‘Woodhouse’ dir. Fred Rowson

What is Living in our Nature Reserve?

Writer-Director: Fred Rowson
Producers: Christine Cheung
Cinematographer: Jake Scott


C8: Where did the idea for Woodhouse come from and how long did it take you to write the script?

FR: Woodhouse came from quite a literal place; when I was younger, my best friend had a nature reserve at the bottom of his garden in South London. We used to climb over his back fence to explore, so the thought that there could be a strange creature living in there must have occurred at some point. I turned the story into a 40 minute film shot on Mini-DV when I was 16, then revisited it for Woodhouse.

C8: What obstacles did you face during the shoot and how did you overcome them?

FR: The shoot was tough just because of the sheer number of locations and characters to juggle. And filming the script was like assembling a jigsaw puzzle – if we missed a bit, then the whole picture wouldn’t appear. I was lucky to have a team – my DoP, my Producer, Art Director, 2nd AD and all my actors – who were really passionate about the idea of making a multi-character short film, so they came on board with the knowledge that it’d be a tight shoot.

C8: The film was funded by Film London with support from the Kevin Spacey Foundation and a variety of other industry companies. Was it difficult juggling all of these organisations?

FR: No, not at all. This sounds like I’m being deliberately diplomatic, but I encountered nothing but constructive feedback from all of them, and in the case of Film London, it was so useful to have a deadline for completion from them – otherwise we could have edited it forever.

C8: You studied English Literature at Cambridge. Did this prepare you at all for the challenges of the film industry?

FR: It certainly prepared me for the challenges of directing. Both experiences involve having your own interpretations of what things mean or how they should be done, and then having to justify those interpretations to people that are way more talented or smarter than you are. Reading English also, I guess, gave me a great sense of story and atmosphere that I’ve definitely tried to carry into my work.

C8: You also direct music videos. What are some of the major differences between promos and narrative shorts?
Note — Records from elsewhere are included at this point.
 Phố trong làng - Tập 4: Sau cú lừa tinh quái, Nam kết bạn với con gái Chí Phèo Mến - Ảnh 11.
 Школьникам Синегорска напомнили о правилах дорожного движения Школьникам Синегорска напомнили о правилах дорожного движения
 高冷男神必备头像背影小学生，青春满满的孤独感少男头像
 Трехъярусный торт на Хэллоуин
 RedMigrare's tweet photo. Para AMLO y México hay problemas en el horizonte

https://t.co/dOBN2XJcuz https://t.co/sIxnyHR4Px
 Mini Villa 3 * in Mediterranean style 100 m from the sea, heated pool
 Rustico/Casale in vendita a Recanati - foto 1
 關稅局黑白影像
FR: If Woodhouse was a jigsaw puzzle, generally music videos are not. That’s not to say that they don’t benefit from careful planning, but often the result is less disastrous if you can’t shoot a certain bit that you intended to – the music will pick up the slack in the edit, usually. Also, in order to get the tone and rhythm of a scene or an edit, I find it very helpful to shoot with the music in my head, which isn’t an option on shorts usually. On Woodhouse, though I had our composer write the music first, so that I could shoot to it.

C8: What do you think is the biggest misconception about narrative shorts?
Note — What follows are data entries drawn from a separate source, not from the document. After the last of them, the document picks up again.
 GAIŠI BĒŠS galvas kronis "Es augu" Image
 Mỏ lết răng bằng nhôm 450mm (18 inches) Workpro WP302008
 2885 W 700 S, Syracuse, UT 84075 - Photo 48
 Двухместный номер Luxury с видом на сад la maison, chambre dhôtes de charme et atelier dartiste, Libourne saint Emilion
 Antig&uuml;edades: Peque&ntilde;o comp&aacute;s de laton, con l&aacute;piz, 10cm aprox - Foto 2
FR: I don’t really know what people think generally about narrative shorts – as with all of filmmaking there are a lot of arbitrary rules which you don’t really have to follow. A lot of the most general conceptions about shorts – that they are only watched by other filmmakers and don’t make you any money from them – are largely true. But if people think that writing or making a good short is easier because it’s shorter, I guess that’s a big misconception because the shortness is what makes them so difficult to get right.

C8: How did you initially get into filmmaking and what advice would you give to those looking for their start in the industry?
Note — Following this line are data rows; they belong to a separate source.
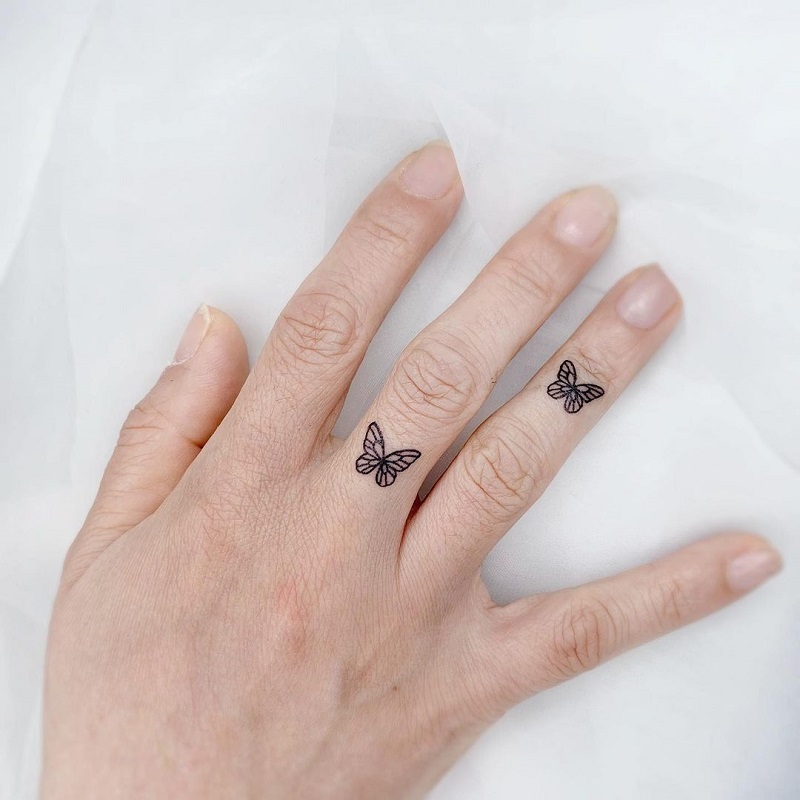 Nature Finger Tattoos 1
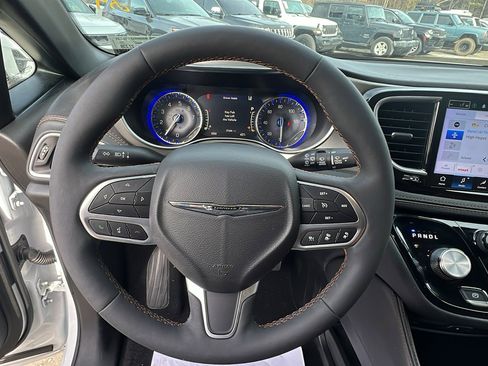 Used 2024 Chrysler Pacifica Pinnacle image 27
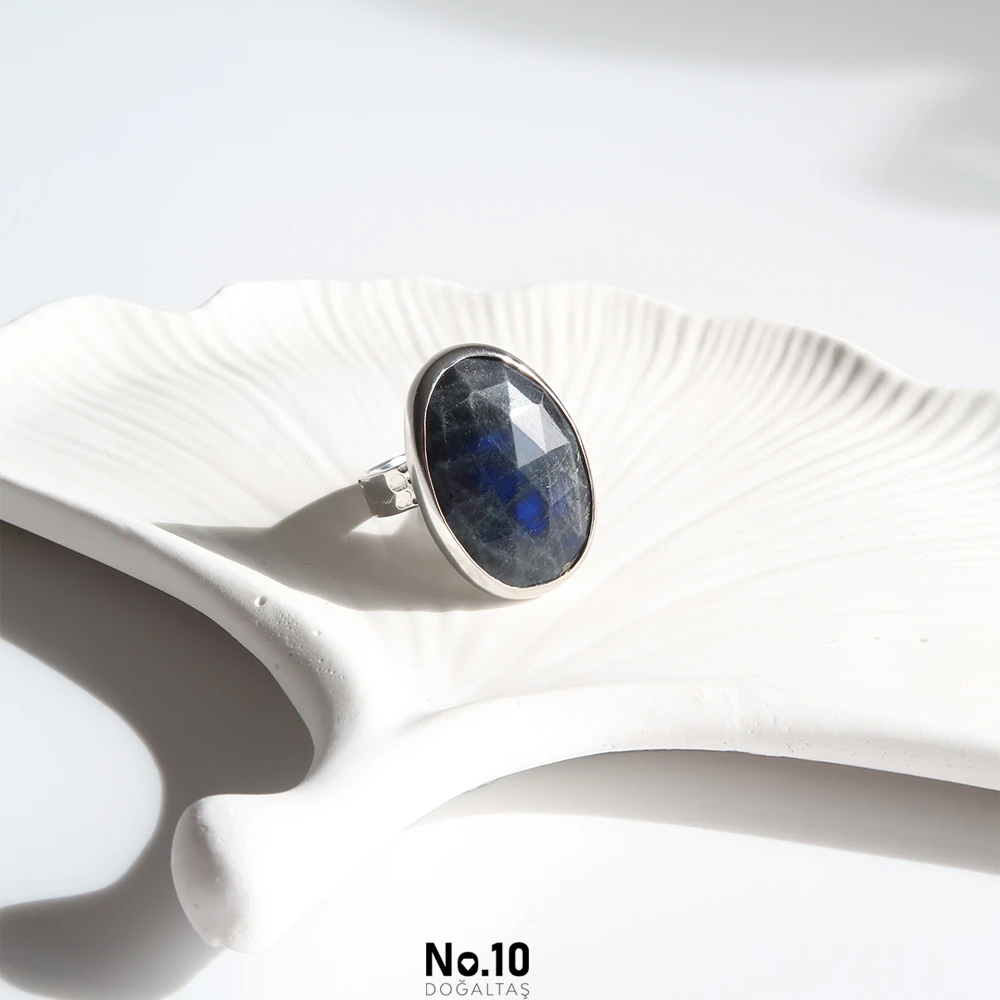Labradorit Doğal Taşlı Yüzük (İri Boy)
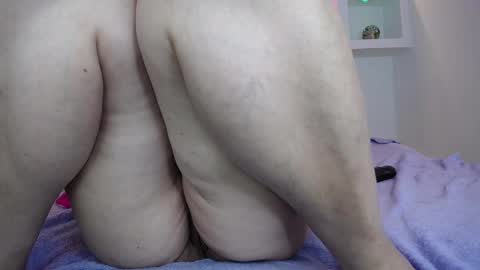 Snapshot of cat_wild chatting on 01.17.25 Marce online show from 01.17.25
FR: I just started doing it. I think that’s my best advice, though it’s easier said than done. But if you want to get into film, the best thing is if you just start making films and see where that takes you. Find people to collaborate with. Be true to your taste and inspirations – make what you would want to see, not what you think other people want to see.

C8: What makes for a good collaboration?

FR: Good taste and the willingness to listen. You should always be learning from the people who you collaborate with.

C8: What’s on the horizon for Fred Rowson?

FR: A few things! I am about to shoot a new short film, about a woman with a haunted oven, and I am writing my first feature.